I consider myself pretty self-aware and I know I can get laser-focused on the wedding day, but I am so terrified that this is really how I’m seen.  If this has been your experience with me, PLEASE let me know directly via text, email, private message, or a phone call.  I know I have really bad RBF… but this is something totally different and terrifying!!  I hate that this could potentially be true and I want to make it right.

The wedding industry is tough.  So many people need to come together to make the couples’ day absolutely perfect and if there’s any ill-will or negativity between vendors, it can definitely have an impact.  I will never call this person or her company out by name publicly, but if you are wondering who it is, please message me – as I’m happy to name them privately.

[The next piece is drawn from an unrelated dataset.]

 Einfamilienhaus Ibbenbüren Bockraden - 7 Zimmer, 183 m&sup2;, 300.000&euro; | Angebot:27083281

For future brides + other wedding day vendors, I also wanted to address the things she is accusing me + my team of in this email: my team and I arrive at the bridal suite 90+ minutes before the bride needs to get into her dress – not 30 minutes, as she states.  We do take “getting ready” shots, so I’m not sure why she alleges that we don’t.  I send my bride’s an email 10 days before the wedding, telling them what items to have organized and ready upon my arrival.  They do not spend a ton of time showing me where they are, because they already have it together for me, and they give these items to me as soon as I arrive – not at the 30 minute mark of hair + makeup as she states.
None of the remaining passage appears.